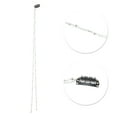 thumbnail image 3 of Unique Bargains 1 Pc Braided Hair Chain Beads Braid Hair Accessories for Women Shiny Silver Tone, 3 of 5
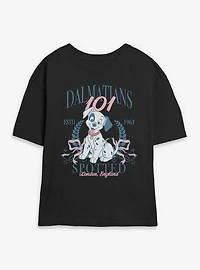 Disney 101 Dalmatians Puppy Prep Womens Skimmer Tee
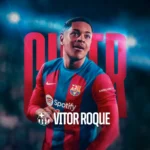 What is Vitor Roque's contract with FC Barcelona?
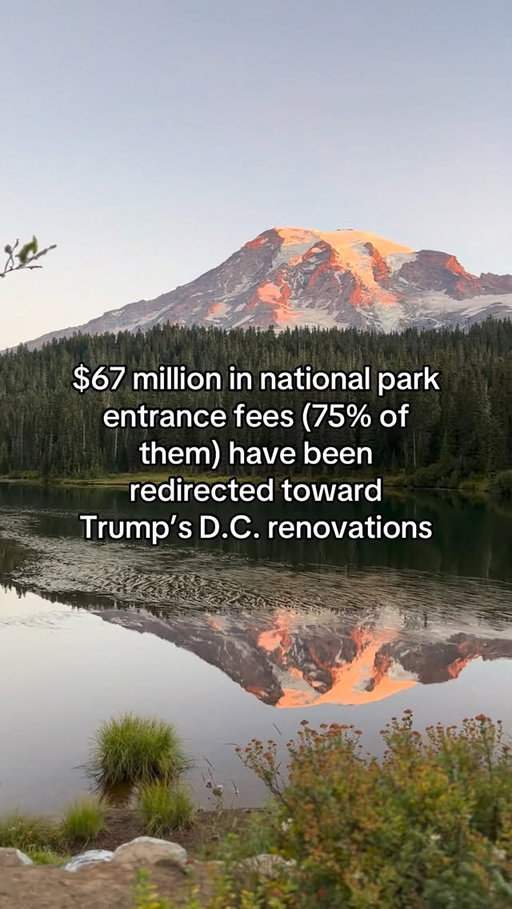 Recent reports found that at least $67 million in National Park Service entrance fees have been redirected toward renovation (“beautification”) projects in Washington, D.C., including ornamental fountains and the Lincoln Memorial Reflecting Pool ahead of Trump’s 4th of July celebrations. All the while, our national parks are facing major staffing shortages, deferred maintenance backlogs, and budget cuts. 

😡 According to the report, more than 75% of NPS recreation fees between December 2025 and March 2026 went toward these D.C. projects. (Note: that’s 75% of the 20% of what’s allowed to go to sites without entry fees) ‼️

This man is stealing from the American people. But then again, what did we expect from a felon? 

‼️ Want to help? ‼️
* Visit during off-peak times and consider delaying your park visit until shoulder season
* Pick up after yourself (and others)
* Plan ahead & prepare
* Follow the rules
* Give rangers a smile & be kind
* Leave wildlife alone
* Learn the history of the land you’re on
* Show up to ranger programs
* Say thank you or write thank you notes
* Call your representatives!!!!!!
* Support park organizations like the National Parks Conservation Association and National Park Foundation
* Follow your favorite parks online
* Shop local in gateway communities
* Use your platform to spread accurate, responsible information

Source: The New York Times

#nationalparks #nationalpark #nationalparksusa #nationalparkservice #protectourparks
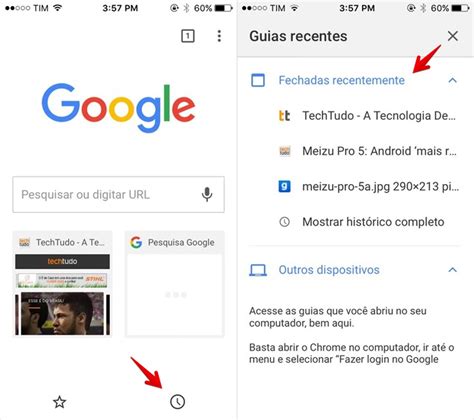 Como Abrir Uma Aba Fechada Por Engano No Chrome Para Celular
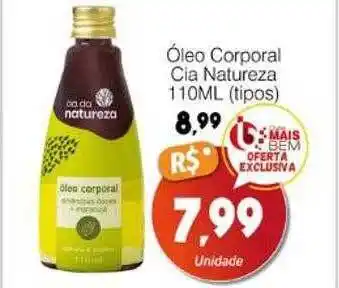 Óleo corporal cia natureza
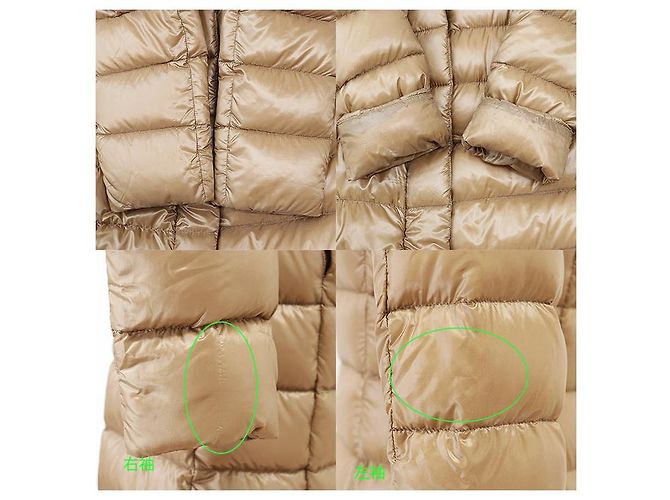 Autre Marque Abrigo ligero de plumón Herno de nylon Beige Camello - vista 8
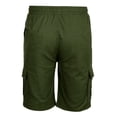 thumbnail image 3 of HCNTES Men’s Short Elastic Waist Drawstring Cargo Summer Beach ShortsZ03-AG,L), 3 of 5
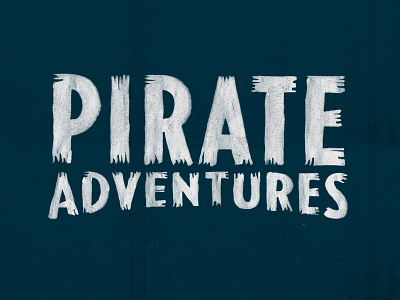 YAR! custom type lettering pirates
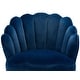 preview thumbnail 19 of 64, HULALA HOME Morden Scalloped Velvet Arm Chair with Tufted Back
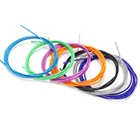 4mm plastic coated steel wire rope PVC RED BLACK GREEN clear color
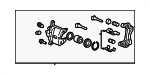 45018TVA000 - Brakes: Caliper Assembly for Honda Image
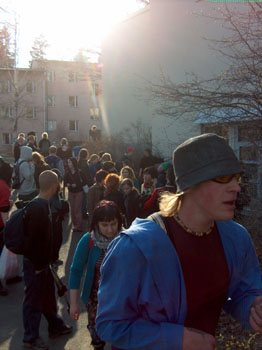 Käpylässä vallattiin entisen Cäpsän taito- ja taidetalon tyhjäksi jäänyt rakennus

§

Task instructions: With images omitted, output the data exactly as given.

Task response:
 thumbnail image 3 of Unique Bargains 1 Pc Braided Hair Chain Beads Braid Hair Accessories for Women Shiny Silver Tone, 3 of 5
 Disney 101 Dalmatians Puppy Prep Womens Skimmer Tee
 What is Vitor Roque's contract with FC Barcelona?
 Recent reports found that at least $67 million in National Park Service entrance fees have been redirected toward renovation (“beautification”) projects in Washington, D.C., including ornamental fountains and the Lincoln Memorial Reflecting Pool ahead of Trump’s 4th of July celebrations. All the while, our national parks are facing major staffing shortages, deferred maintenance backlogs, and budget cuts. 

😡 According to the report, more than 75% of NPS recreation fees between December 2025 and March 2026 went toward these D.C. projects. (Note: that’s 75% of the 20% of what’s allowed to go to sites without entry fees) ‼️

This man is stealing from the American people. But then again, what did we expect from a felon? 

‼️ Want to help? ‼️
* Visit during off-peak times and consider delaying your park visit until shoulder season
* Pick up after yourself (and others)
* Plan ahead & prepare
* Follow the rules
* Give rangers a smile & be kind
* Leave wildlife alone
* Learn the history of the land you’re on
* Show up to ranger programs
* Say thank you or write thank you notes
* Call your representatives!!!!!!
* Support park organizations like the National Parks Conservation Association and National Park Foundation
* Follow your favorite parks online
* Shop local in gateway communities
* Use your platform to spread accurate, responsible information

Source: The New York Times

#nationalparks #nationalpark #nationalparksusa #nationalparkservice #protectourparks
 Como Abrir Uma Aba Fechada Por Engano No Chrome Para Celular
 Óleo corporal cia natureza
 Autre Marque Abrigo ligero de plumón Herno de nylon Beige Camello - vista 8
 thumbnail image 3 of HCNTES Men’s Short Elastic Waist Drawstring Cargo Summer Beach ShortsZ03-AG,L), 3 of 5
 YAR! custom type lettering pirates
 preview thumbnail 19 of 64, HULALA HOME Morden Scalloped Velvet Arm Chair with Tufted Back
 4mm plastic coated steel wire rope PVC RED BLACK GREEN clear color
 45018TVA000 - Brakes: Caliper Assembly for Honda Image
 Käpylässä vallattiin entisen Cäpsän taito- ja taidetalon tyhjäksi jäänyt rakennus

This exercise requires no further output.